И действительно, из-за дальнего угла дома неторопливой походкой вышел огромный зверь. Студент бросил свою миску, я — пилу и кость мамонта, и мы опрометью, схватив фотоаппараты и бинокли, вскарабкались по лестнице. Три ньюфаундленда наконец тоже увидели зверя и с лаем побежали ему навстречу.
С крыши полярной станции хорошо просматривались и бесконечные белые льды в проливе Вилькицкого, и кружева перевернутых льдин, вытесненных на берег, и бурая тундра, и далекие хребты плато Бырранга. Особенно же хорошо была видна сплошная помойка вокруг «полярки» — вечная мерзлота не поглощала мусор, и все выброшенные вещи десятилетиями украшали местность. Общий цвет помойки был темно-кирпичным от ржавого металла, и в частности от множества ненужных механизмов и пустых железных бочек. Среди этого бурого безобразия голубыми искрами светились фаянсовые осколки каких-то больших сосудов. Некоторые из них были разбиты вдребезги, другие сохраняли часть своих исходных очертаний и напоминали мне что-то до боли знакомое. Я обратился за разъяснением к хозяину «полярки».
— А это дурь наших снабженцев, — пояснил он.
Я еще раз посмотрел в бинокль, чтобы еще раз полюбоваться прекрасным голубым цветом «дури».
— Они в прошлом году, — продолжал полярник, — на нашу станцию целых двадцать голубых унитазов прислали. Забыли, наверное, что нас всего трое и у нас канализации отродясь не было. Вот я по ним карабин и пристреливал. Красиво бьются! А еще нам этим же рейсом сенокосилку прислали. А у нас, кроме лишайников, ничего не растет. Вон она стоит. — И полярник показал на странный механизм у сарая, замеченный мной с вертолета. — Как разгрузили, так и стоит.
Тем временем народ на крыше резво щелкал затворами фотоаппаратов, а внизу началась легкая потасовка между белым медведем и тремя собаками.
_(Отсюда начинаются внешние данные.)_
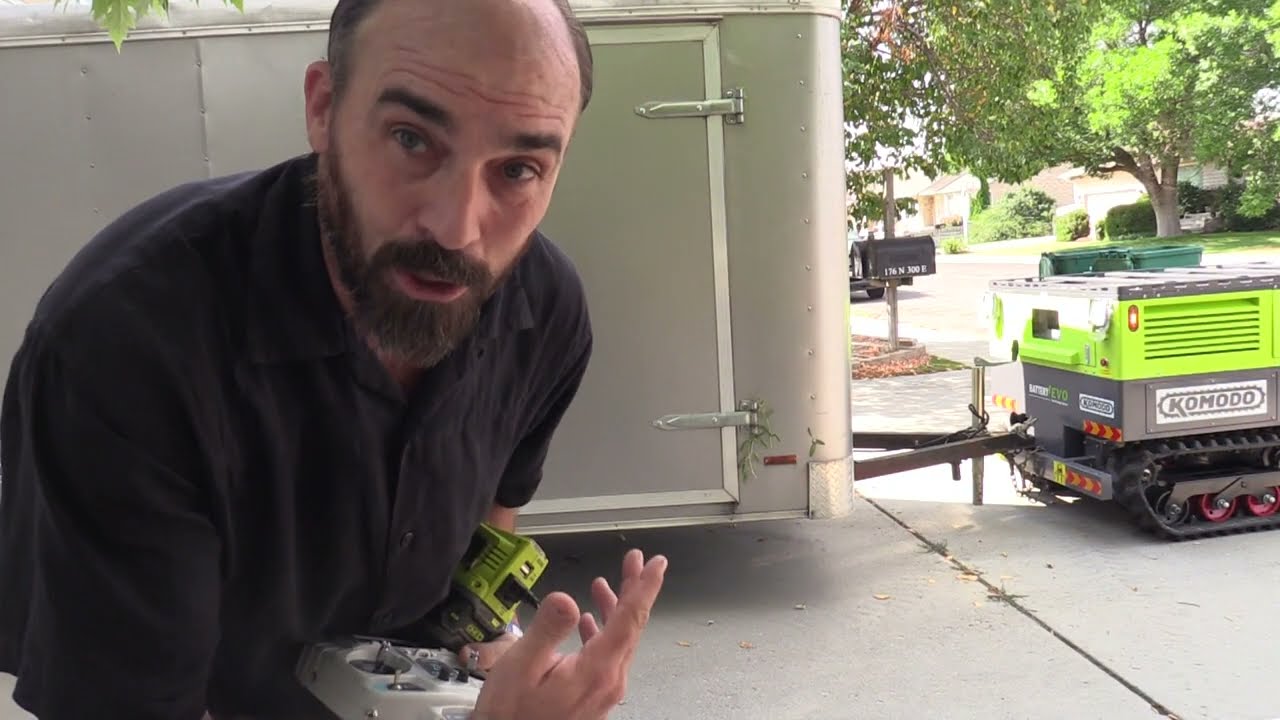 Charge your EV with a Tank!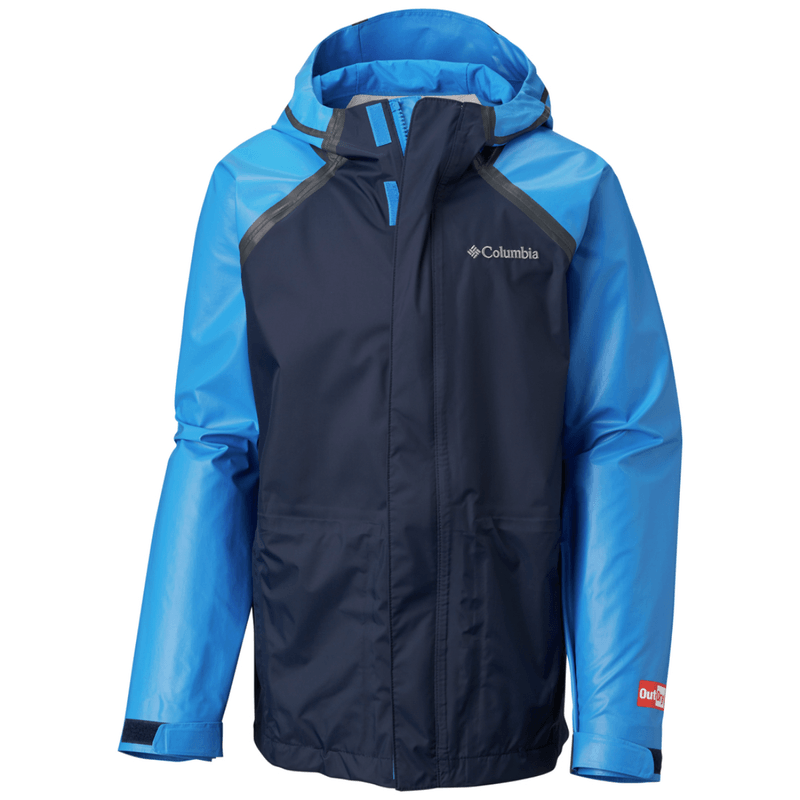 Columbia outdry shop hybrid jacket review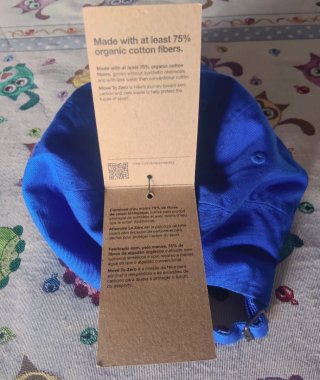 Cappello Nike Club Cap Blu Taglia S/M
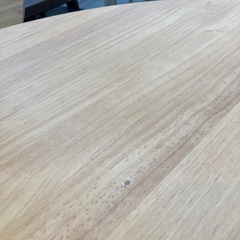 IKEA ダイニング3点セットの画像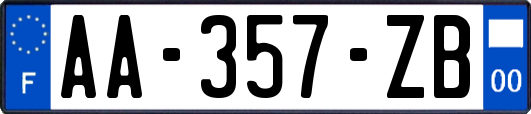 AA-357-ZB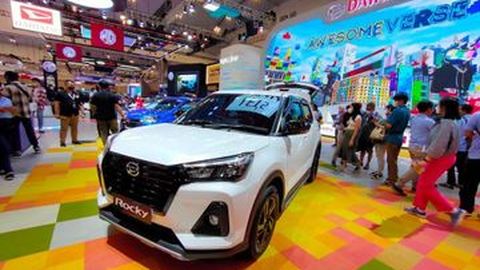 Recall Daihatsu Ayla-Rocky, Baru 300 Unit yang Masuk Bengkel dari Total 15.737 Unit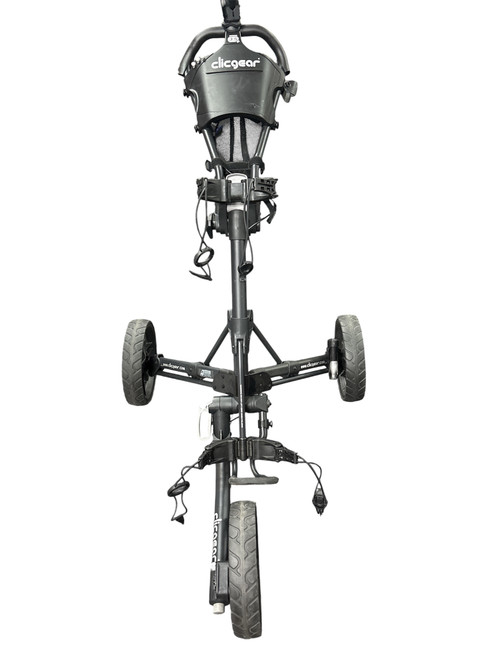 Vist Large View of Product Image Which is Used Clicgear 3.5+ Golf Accessory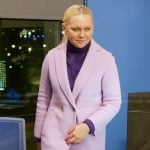 Galyna’s pink coat on The McBee Dynasty Real American Cowboys Galyna’s pink coat on The McBee Dynasty Real American Cowboys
Медведь, жадно принюхиваясь, брел к полярной станции, псы с лаем кружили вокруг него. Когда ньюфаундленды уж очень ему досаждали, зверюга незло рявкал на псов и продвигался вперед. Наконец вся эта шумная компания оказалась у стены дома, прямо под нами. Медведь, обнаружив в деревянном ящике куски тухлой нерпы (странным образом поставленном на такой высоте, чтобы мясо было доступно медведю, но недоступно собакам), стал жадно пожирать несвежего тюленя. Собаки завыли и с удвоенной энергией ринулись на медведя. Обнаружив в собаках пищевых конкурентов, зверь прижал уши и огрызнулся по-настоящему. Один из ньюфаундлендов в момент атаки поскользнулся и, проехав спиной по льду, оказался прямо между передними лапами зверя. Медведь инстинктивно отдернул одну лапу и с брезгливым любопытством обнюхал лежащую собаку. Та вскочила, отпрыгнула в сторону и присоединилась к двум другим басовито лающим псам, а медведь вернулся к более привлекательной нерпе.